Canonical Log Lines, Evolved with OpenTelemetry

“Logs were designed for a different era. An era of monoliths, single servers, and problems you could reproduce locally.” — loggingsucks.com

The Problem with How We Log

Stripe’s 2019 blog post on canonical log lines is one of those rare engineering pieces that stays relevant for years. The idea is deceptively simple: instead of letting your request telemetry scatter across dozens of log lines that need to be joined at query time, you emit one fat, information-dense log line per request — a canonical record of everything that happened.

At Stripe, this single line contains HTTP method, path, status, authenticated user, rate-limiting decision, database query count, duration — all in one place:

[2019-03-18 22:48:32.999] canonical-log-line alloc_count=9123 auth_type=api_key
database_queries=34 duration=0.009 http_method=POST http_path=/v1/charges
http_status=200 key_id=mk_123 rate_allowed=true rate_quota=100 request_id=req_123

That one line lets them answer questions like “which users are being rate-limited the most?” with a query that takes ten seconds to write, not ten minutes. No joins. No correlating request IDs across five log lines. One record, one query.

This is genuinely good engineering. But it was written in 2019, referencing Splunk, fluentd, Kafka, and Redshift. The ecosystem has shifted. Today we have OpenTelemetry as a vendor-neutral telemetry standard and VictoriaMetrics/VictoriaLogs as a leaner, faster, radically cheaper backend. Let me show you how the idea lands in 2026.

What Stripe Got Right (And What the Ecosystem Missed)

Most logging in production falls into one of two failure modes:

Scatter logs. Five log lines per request, each with a piece of the story. Correlating them requires your log processing system to do expensive joins on a request ID — slow to run, painful to write under incident pressure.

Metrics-only thinking. Pre-defined Prometheus dashboards are fast but completely inflexible. If you didn’t define the metric before the incident started, you can’t answer the question. You’re always partially flying blind.

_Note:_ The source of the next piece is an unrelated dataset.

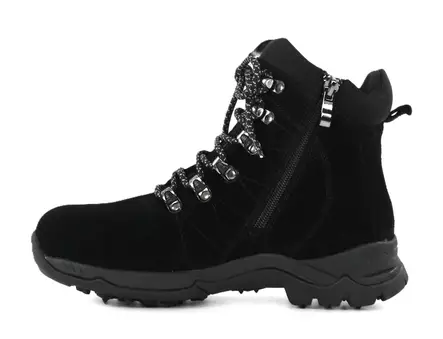 Eskimo Damen Wildleder-Ankle Boots mit Nieten 03220901 Schwarz - Damen Stiefeletten - 139730 - 2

Canonical log lines give you the best of both: the flexibility of logs with the query ergonomics approaching metrics. The modern observability community has rediscovered this under the name wide events — one comprehensive event per request, every attribute attached.

What the ecosystem has been slow to realize is that OpenTelemetry already provides the plumbing to emit these wide events in a standardized, vendor-neutral format — and VictoriaLogs provides the storage and query layer that makes exploiting them practical and cheap.

Bringing in OpenTelemetry

OpenTelemetry is a delivery mechanism and a data model. It doesn’t tell you what to log — that’s still your job. But it gives you a consistent way to structure, enrich, and ship telemetry to any backend.

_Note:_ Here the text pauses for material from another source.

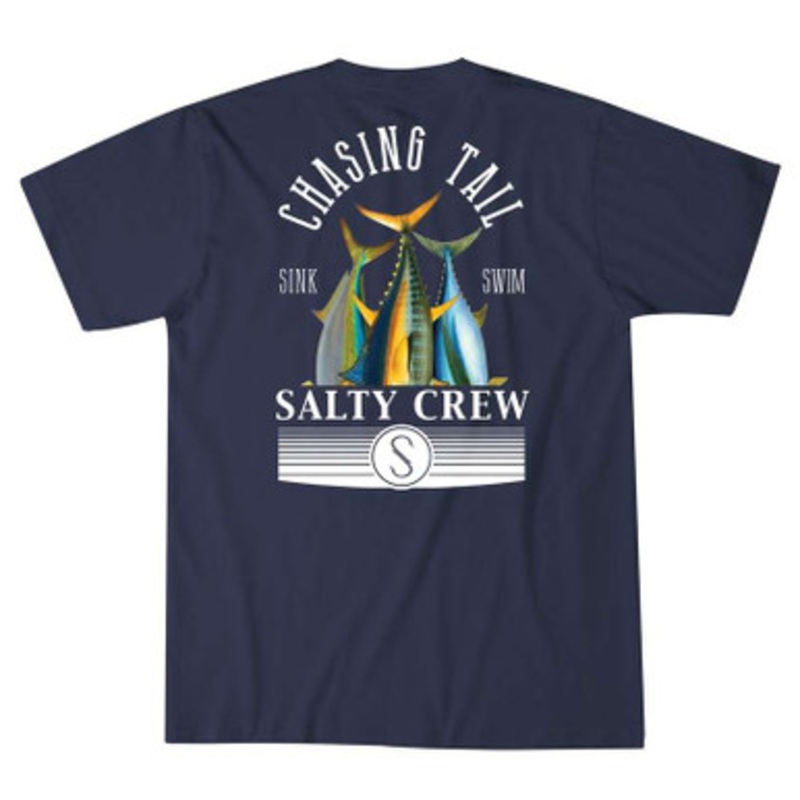 Salty Crew Tails Up T-Shirt – Navy Small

The OTel log data model wraps your log record with these key fields:

Field	What it carries
`Body`	The primary log message
`Attributes`	Arbitrary key-value pairs — this is where your canonical fields live
`Resource`	The emitting entity (service name, k8s pod, host)
`TraceId` / `SpanId`	W3C Trace Context — automatic log-trace correlation
`SeverityNumber`	Standardized severity (INFO, WARN, ERROR)

The critical point: OTel Attributes are typed. duration is a float, not a string. db.query_count is an integer. This matters downstream — percentile calculations and range queries are significantly faster on typed fields than on parsed strings.

The Middleware Pattern

The implementation pattern is the same regardless of language. A single outer middleware initializes a context object, inner middleware layers (auth, rate limiter, etc.) annotate it with their piece of the story, and the outer middleware emits the final canonical line on the way out.

# Each layer contributes its piece — no log statements scattered around
def auth_middleware(request):
    user = authenticate(request)
    annotate(request, auth_type="api_key", user_id=user.id)

def rate_limit_middleware(request):
    decision = check_rate_limit(request)
    annotate(request, rate_allowed=decision.allowed, rate_remaining=decision.remaining)

# The outer middleware drains everything into ONE canonical log line
def canonical_log_middleware(request):
    start = time.now()
    yield  # entire request lifecycle runs here
    emit_canonical_line(request, duration=time.now() - start)

That’s it. Every concern stays encapsulated. No cross-cutting log statements. One line emitted per request, carrying context from all layers. The emit_canonical_line call goes out via the OTel Log SDK — as a structured log record with typed attributes, routed through the OTel Collector to VictoriaLogs.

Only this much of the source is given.